A function that computes the HVP for a given vector and the fixed dataset.

Note

The function assumes as a default that the data has a batch dimension.

Source code in laplax/curv/hessian.py
def create_hessian_mv(
    model_fn: ModelFn,  # type: ignore[reportRedeclaration]
    params: Params,
    data: Data,
    loss_fn: LossFn | str | Callable,
    *,
    num_curv_samples: Int | None = None,
    num_total_samples: Int | None = None,
    vmap_over_data: bool = True,
    **kwargs: Kwargs,
) -> Callable[[Params], Params]:
    r"""Computes the Hessian-vector product (HVP) for a model and loss fn. with data.

    This function wraps :func: `create_hessian_mv_without_data`, fixing the dataset to
    produce a function that computes the HVP for the specified data.

    Mathematically:

    $$
    H \cdot v = \nabla^2 \mathcal{L}(f(x, \theta), y) \cdot v,
    $$

    where $\mathcal{L}$ is the combined loss function, $f$ is the model function, $x$ is
    the input, $y$ is the target, $\theta$ are the parameters, and $v$ is the input
    vector of the HVP.

    Args:
        model_fn: The model function to evaluate.
        params: The parameters of the model.
        data: A batch of input and target data.
        loss_fn: The loss function to apply. Supported options are:


            - `LossFn.MSE` for mean squared error.
            - `LossFn.BINARY_CROSS_ENTROPY` for binary cross-entropy loss.
            - `LossFn.CROSSENTROPY` for cross-entropy loss.
            - `LossFn.NONE` for no loss.
            - A custom callable loss function.

        num_curv_samples: Number of samples used to calculate the Hessian. Defaults to
            None, in which case it is inferred from `data` as its batch size. Note that
            for losses that contain sums even for a single input (e.g., pixel-wise
            semantic segmentation losses), this number is _not_ the batch size.
        num_total_samples: Number of total samples the model was trained on.
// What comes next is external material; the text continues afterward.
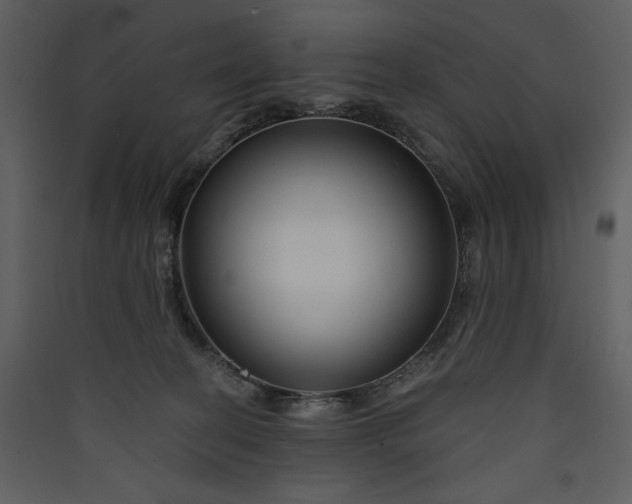 X0000089910274200707131355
See the
            remark in `num_ggn_samples`'s description. Defaults to None, in which case
            it is set to equal `num_ggn_samples`.
        vmap_over_data: Whether to vmap over the data. Defaults to True.
        **kwargs: Additional arguments.

    Returns:
        A function that computes the HVP for a given vector and the fixed dataset.

    Note:
        The function assumes as a default that the data has a batch dimension.
    """
    if num_curv_samples is None:
        num_curv_samples = data["input"].shape[0]

    if num_total_samples is None:
        num_total_samples = num_curv_samples

    curv_scaling_factor = num_total_samples / num_curv_samples

    hessian_mv = create_hessian_mv_without_data(
        model_fn=model_fn,
        params=params,
        loss_fn=loss_fn,
        factor=curv_scaling_factor,
        vmap_over_data=vmap_over_data,
        **kwargs,
    )

    def wrapped_hessian_mv(vec: Params) -> Params:
        return hessian_mv(vec, data)

    return wrapped_hessian_mv